In a Rush? Here are the Quick Facts!

  • ByteDance introduced its latest AI tool, OmniHuman-1, which can generate videos with realistic motion, style, and behavior from a single photo.
  • The research team shared a paper with more details of the methodology and strategies applied to reach realistic deepfakes.
  • OmniHuman is not available to the public yet.

The first version of the AI tool, OmniHuman-1, is capable of generating videos that support multiple image styles—ranging from realistic photography to animation and cartoons—as well as offering audio and music variations, various aspect ratios, and realistic motion images. In several demos, the Chinese company showcased the AI model’s capabilities.

“OmniHuman significantly outperforms existing methods, generating extremely realistic human videos based on weak signal inputs, especially audio,” states the paper published on Monday by Bytedance’s team. “ It supports image inputs of any aspect ratio, whether they are portraits, half-body, or full-body images, delivering more lifelike and high-quality results across various scenarios.”

The research team explained that they used a “multimodality motion conditioning mixed training strategy” and provided several examples of the tool’s capabilities, including recreating a class with Albert Einstein, simulating speeches using images from royalty-free websites, and generating musical performances from audio or video media.

ByteDance’s research team warned about the risks of fraud—they haven’t released the AI tool to the public yet, and didn’t share a date—and other ethics concerns. The company assured that the images and videos used to demonstrate the model’s performance were taken from public sources.

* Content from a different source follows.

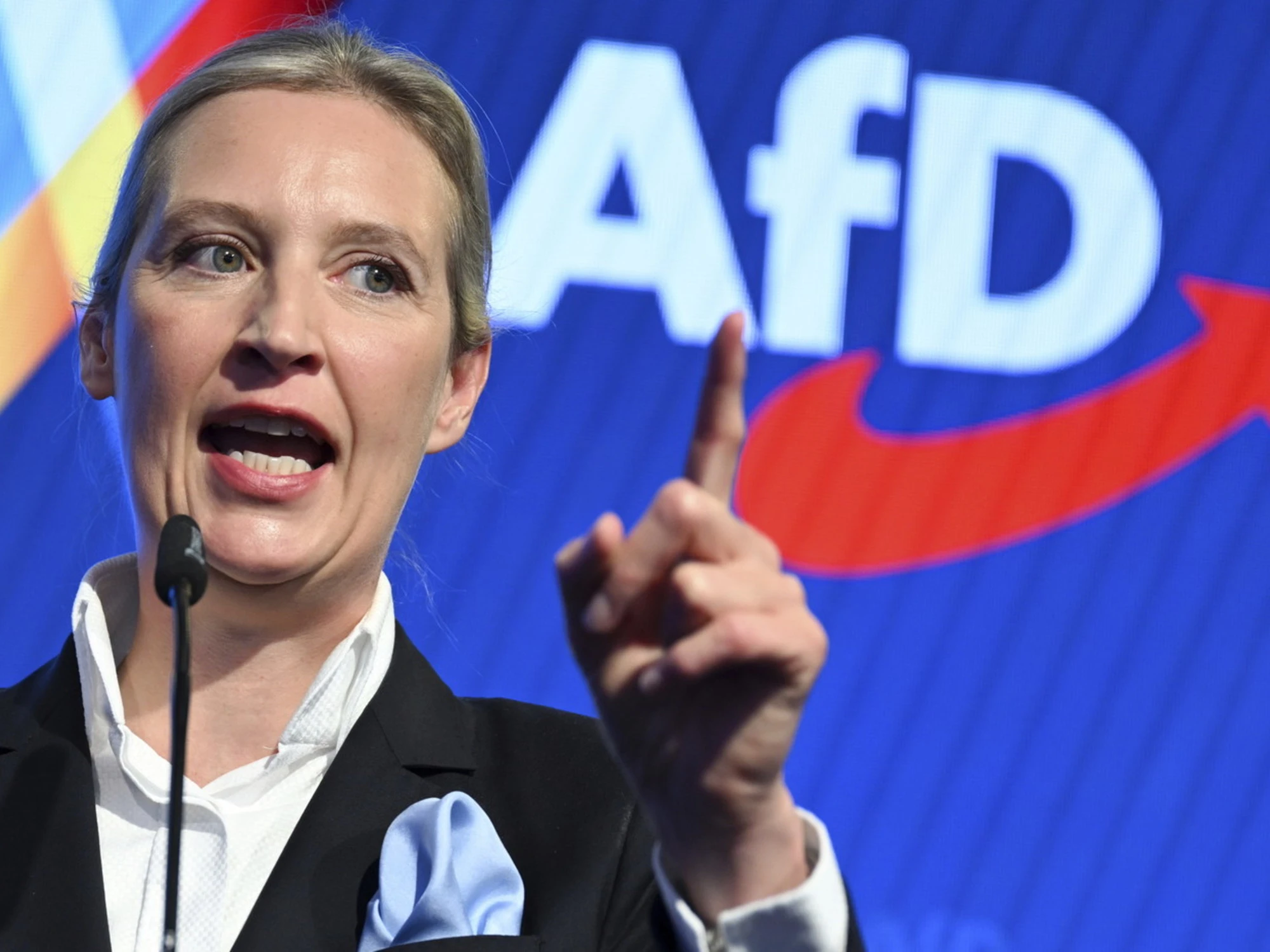 Repubblica rinnega la democrazia: il titolo-choc sul botto di Afd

According to Forbes , the Chinese company used 18,700 hours of human video data to train the new mode. Multiple experts have already shared their thoughts on the new AI tool.

“Creating something from just a picture and making it look like it’s really talking and really moving is fascinating from a technological standpoint, but it could have a lot of potential negative consequences, too,” said Samantha G. Wolfe, an adjunct professor at NYU’s Steinhardt School of Culture, Education and Human Development and founder of PitchFWD in an interview with Forbes. “Pretend versions of business leaders or political leaders saying something that isn’t accurate can have a huge influence on a business, or a huge influence on a country.”

Wolfe’s concerns are shared by multiple experts in the industry. Cybersecurity experts recently warned about a new wave of scams with sophisticated AI-generated deepfakes.